In painting a sometimes less-than-favorable self-portrait, Holmes gained perspective on how far he’s come.
“I like playing this Pete, because I sometimes miss this Pete,” he says. “He’s sweeter, to a fault. He’s naïve and very gentle and open. And that’s not to say I’m none of those things now, but as we get older we get wiser and a little more guarded. I look back at this guy, and in playing him, I had to think of me if I trusted everybody more, knew less about myself, and took everything more lightly. It’s like a fun, old house I got to live in again.”
Whether audiences will respond to Holmes’s story of a not-yet-funny comic on the long, winding road to success is a question at the back of everyone’s mind. “We feel very strongly that it works,” says Apatow. But he’s too experienced not to acknowledge the risks in making a comedy as distinctly flavored as “Crashing.”

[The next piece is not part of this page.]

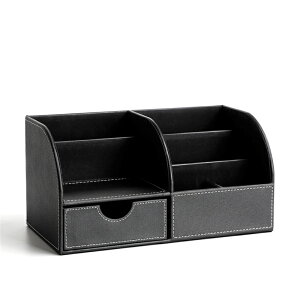 [ [[ CN{bNX fXN[ [ piy @\ 㐮 ItFXp R ȃXy[X  e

On the cusp of the series premiere — the show will air after “Girls,” another series Apatow executive produces — Holmes is hopeful, and says he’s never been prouder of a project.
“Judd and I said before it’s like setting off a firework,” he says. “We’re both hopeful and excited that it’ll shoot up into the sky and be beautiful, but you never know until people see it. All we know is we’re going to give it a whirl.”